She was a broken record there after wanting to go back and get the item that I had been looking for and I told her I would just go to Publix as they had them.
As we unloaded the over stuffed basket at the checkout, she told me to give the cashier the Kroger card. I stated again what I had told her three times when I handed her credit card back from the day before. "Mimi I filled up your car with gas and put the Kroger card along with the credit card and gas receipt in the little folder you gave me." She was in a dither and was wringing her hands as the cashier kept checking the groceries out. I explained to Mimi we could put in her telephone number and she should get senior credit. I put in the number and must have hit a wrong key as the credit did not appear. The cashier is a wonderful lady and we always try to go through her line, so she said to me "Honey did you put in the correct number?" I told her I thought so but let me try again" ALAS MIMI GOT HER TEN PERCENT.
Mimi was happy and that was all that mattered.

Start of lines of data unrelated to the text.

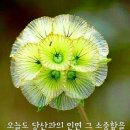 힘내시게 이미지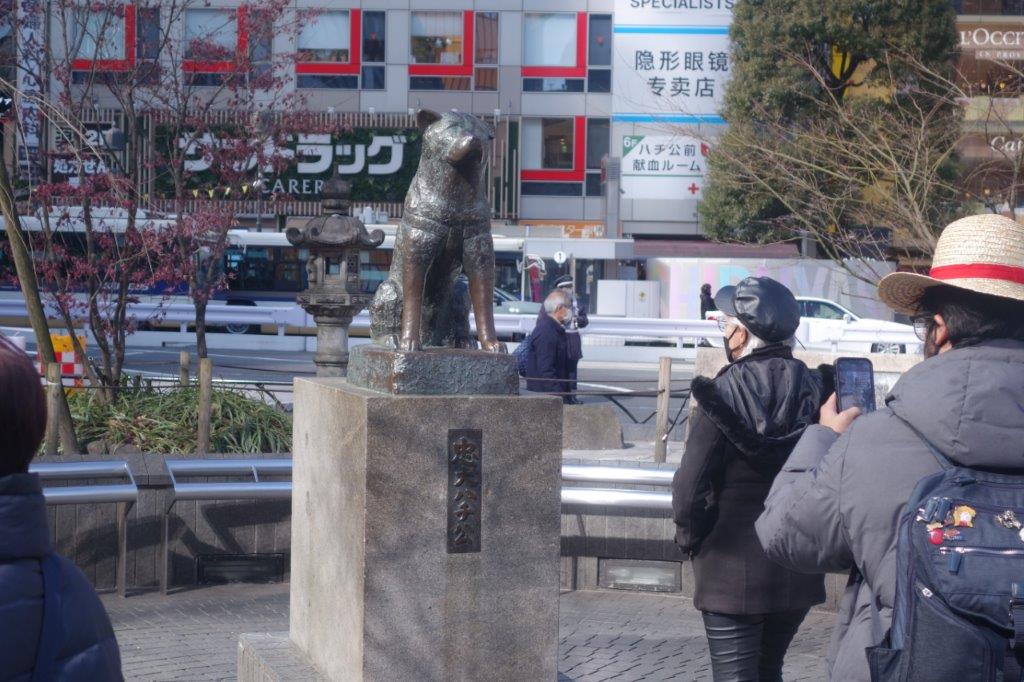 Statue of hachiko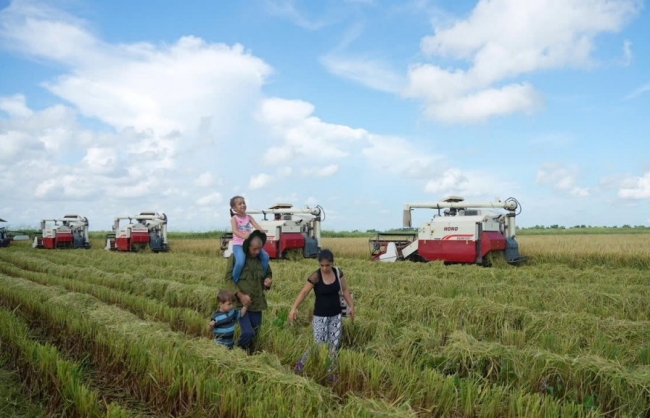 “Hạt giống hạnh phúc”: Biểu tượng hữu nghị Việt Nam - Cuba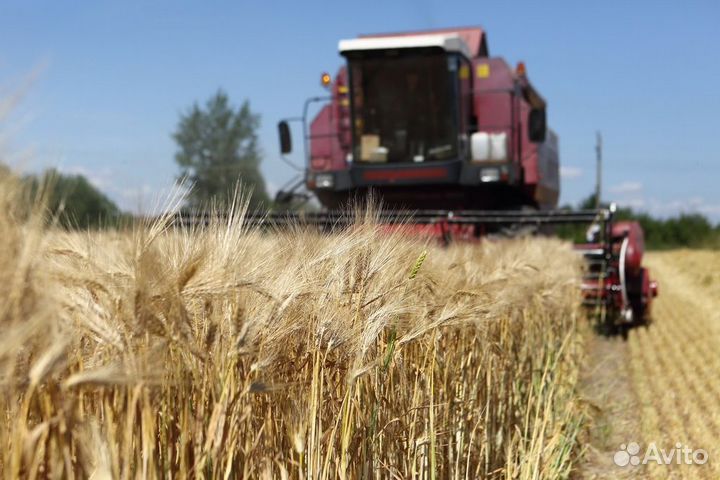 Протравители семян Тебузан Тебуконазол Пшеница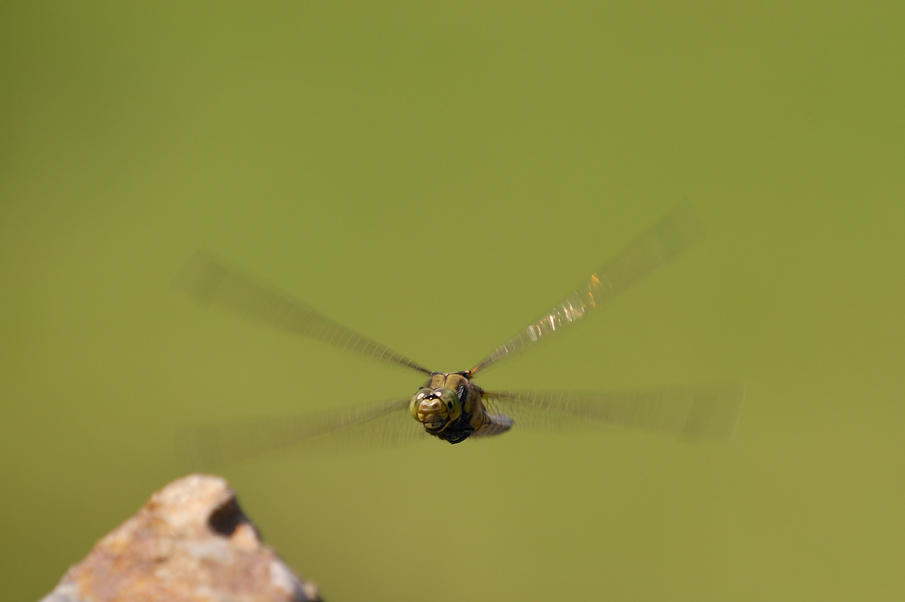 * Landeanflug *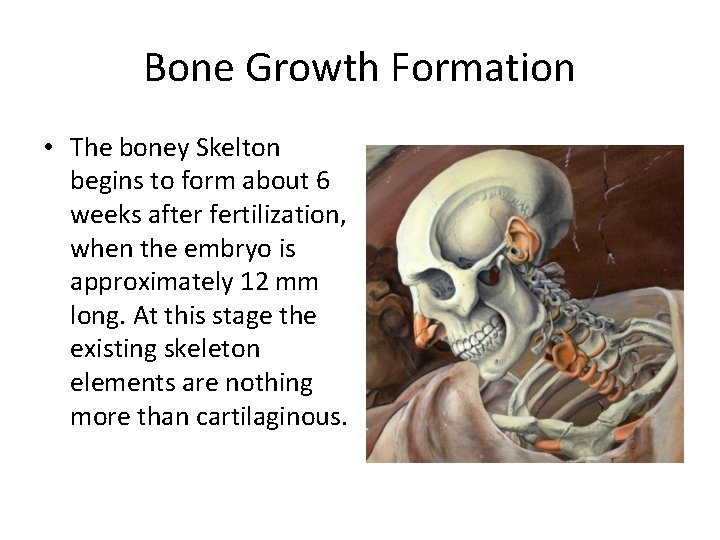 Bone Growth Formation • The boney Skelton begins to form about 6 weeks after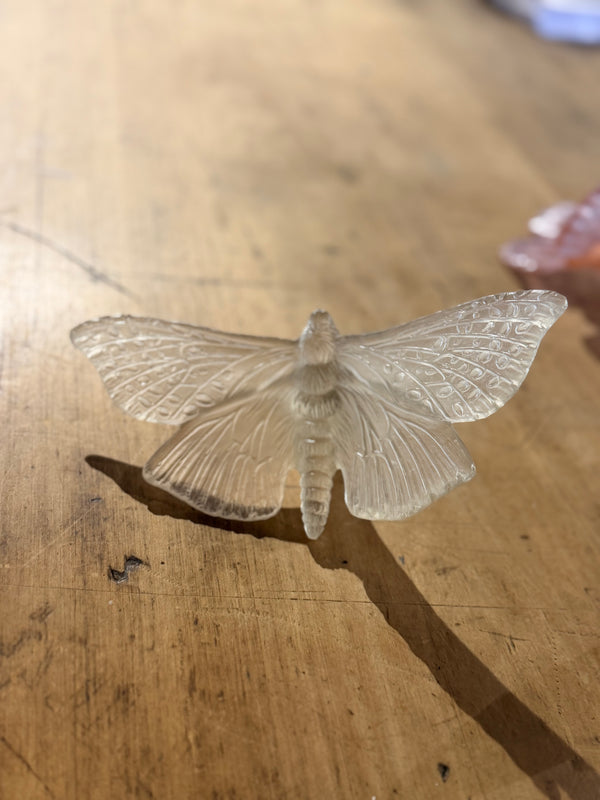 Luke Jacomb Studio - Moth (Wings Out - Pale Bronze)
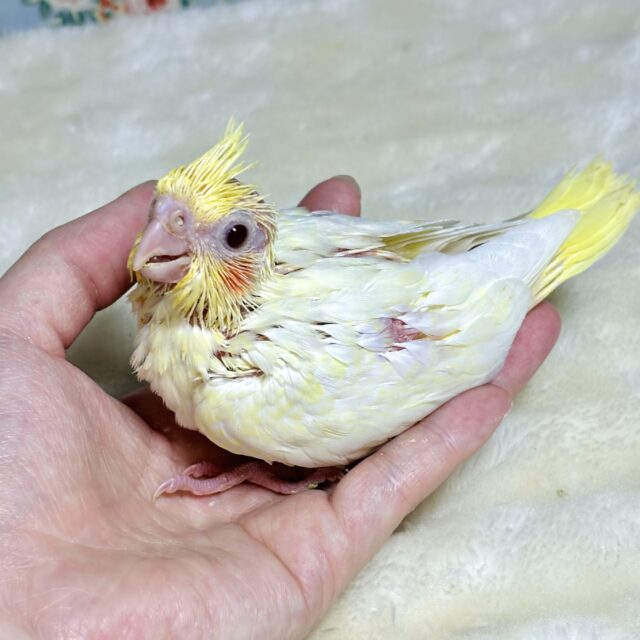 オカメインコ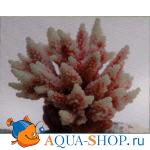 Коралл пластиковый перламутровый, 11,5х10х9 см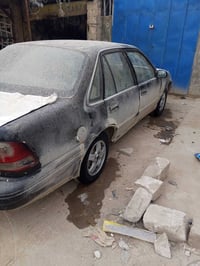 فراشة • ١٩٩٦ • رقم نجف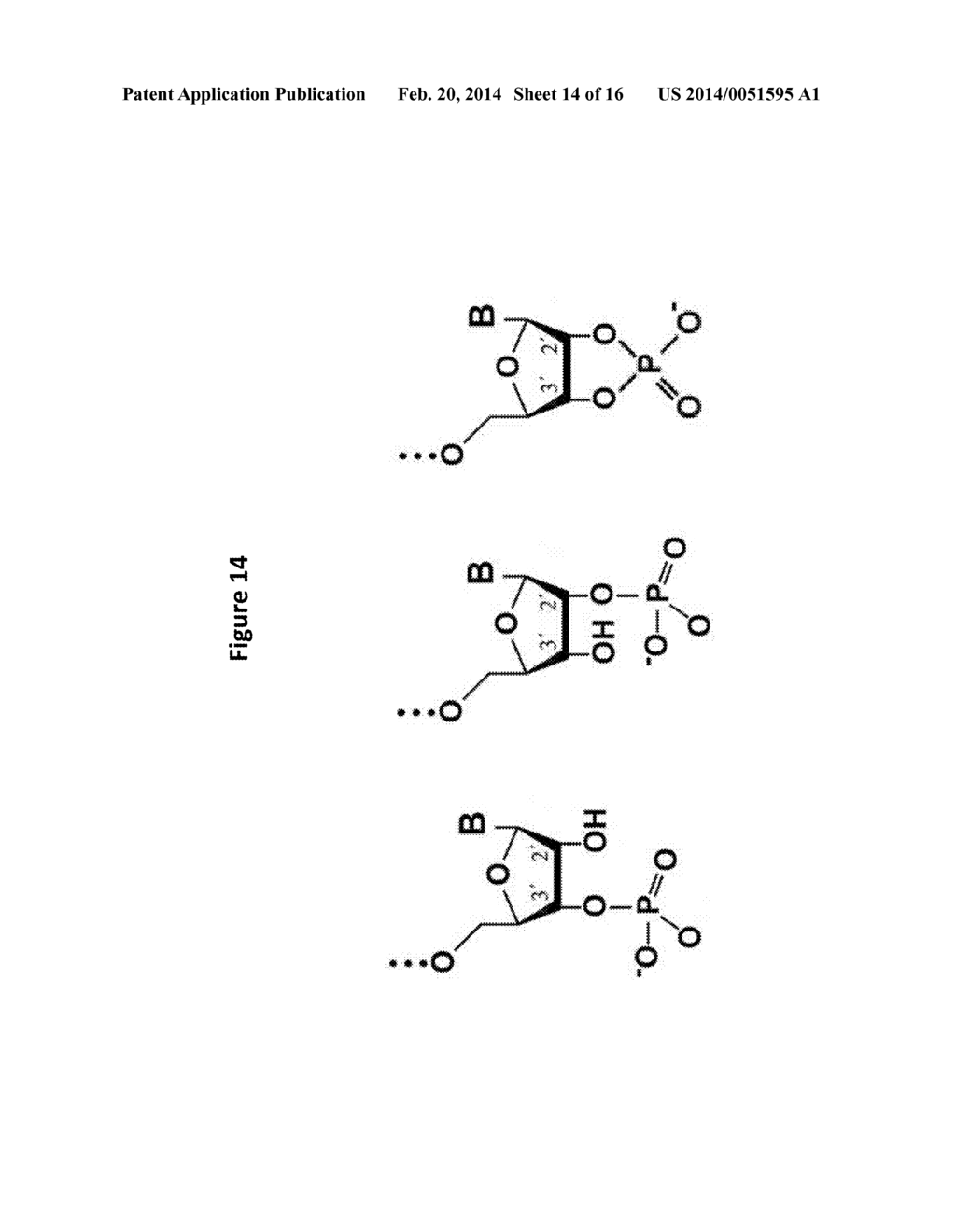 Methods and Compositions for Determining Nucleic Acid Degradation - diagram, schematic, and image 15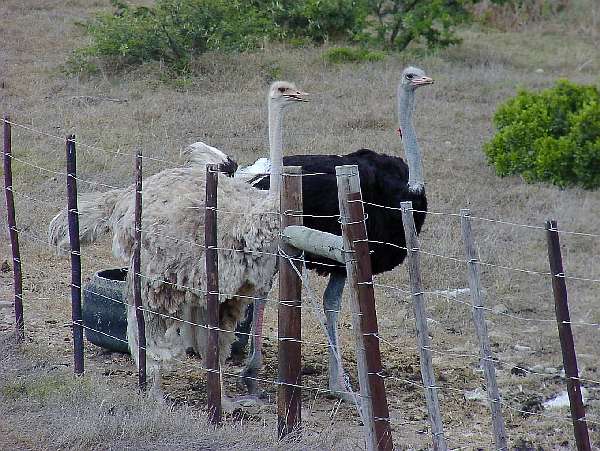 11. Mossel Bay - Outshoorn: "Strauenpaar"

She will be eighty-eight today and I hope to grow up to be as kind.
I have no idea why little ole people like to GROCERY SHOP. I HATE IT. FIRST YOU HAVE TO GET THE ITEM FROM THE SHELF, PUT IT IN YOUR CART, TAKE IT OUT OF YOUR CART, PUT IT IN YOUR CAR, TAKE IT OUT OF YOUR CAR AND THEN PUT IT AWAY. By the time I have touched those items that much I am just sick of them.
The kitty justice is there is A SPECIAL PLACE IN HELL FOR THE ONES WHO THOUGHT UP SENIOR DAY AT KROGER.